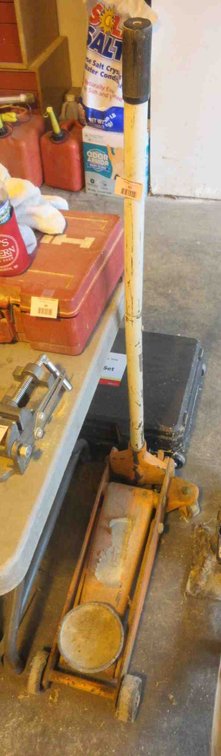 Floor jack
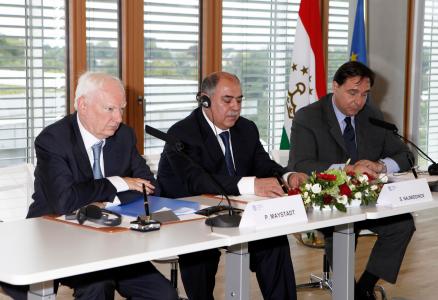 from left to right: Mr Philippe Maystadt, President of the EIB, Mr. Najmiddinov, Minister of Finance of the Republic of Tadjikistan and Mr Puliti from the EBRD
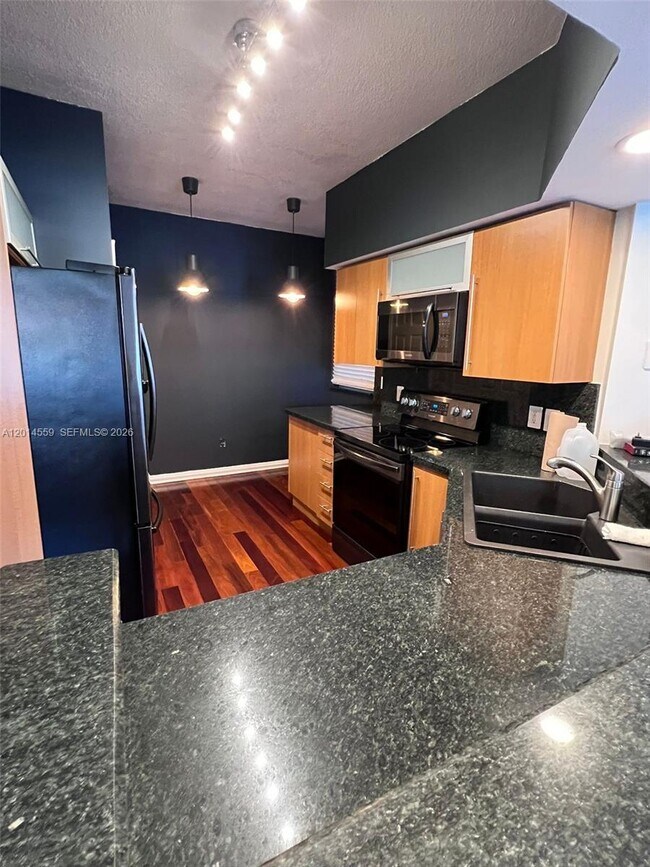 Foto del edificio - 3165 NE 184th St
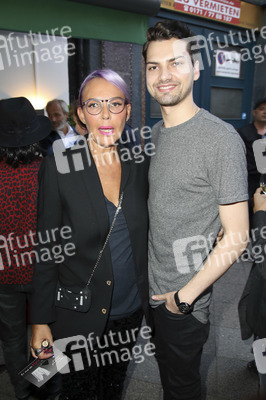 Vernissage der Fotoaustellung von Natascha Ochsenknecht in Berlin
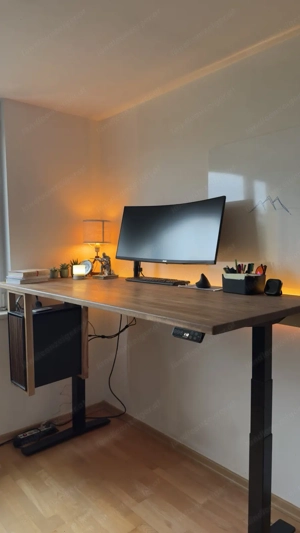 Elektrischer Stehschreibtisch mit Massivholzplatte (Akazie) + Bürostuhl Bild 2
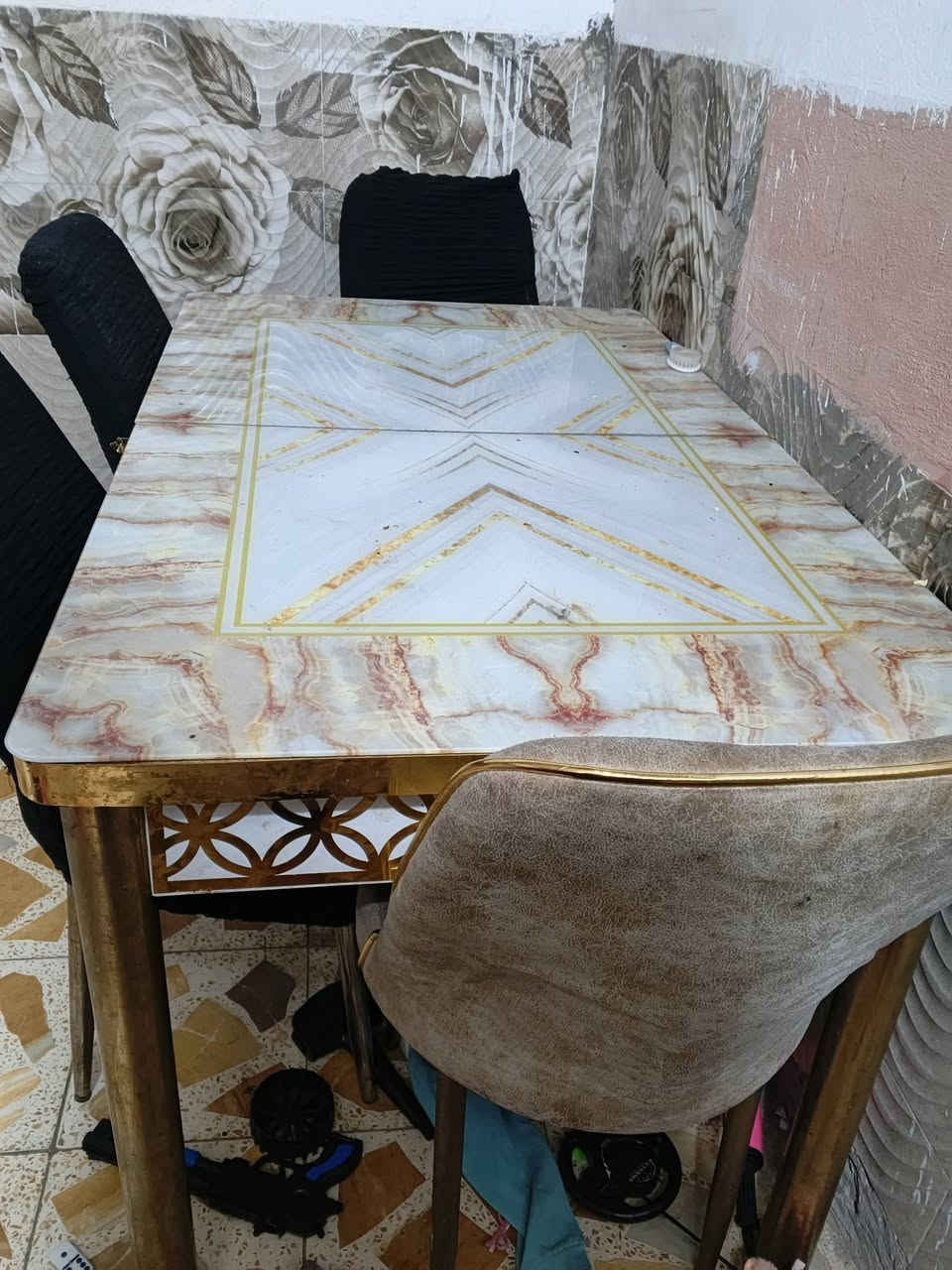 للبيع كنتور بابين خشب
ميز طعام اربع كراسي نظيف مابي كسر


**إذا كنت صاحب هذا الإعلان وتريد حذفه لأي سبب، رجاءا أرسل رسالة إلى الدعم الفني**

### What the task requires:
Begin at the line containing "للبيع كنتور بابين خشب" and stop at the last line of the data. Repeat only those lines, exactly, and leave out the pictures.

### Response to the exercise:
 للبيع كنتور بابين خشب
ميز طعام اربع كراسي نظيف مابي كسر


**إذا كنت صاحب هذا الإعلان وتريد حذفه لأي سبب، رجاءا أرسل رسالة إلى الدعم الفني**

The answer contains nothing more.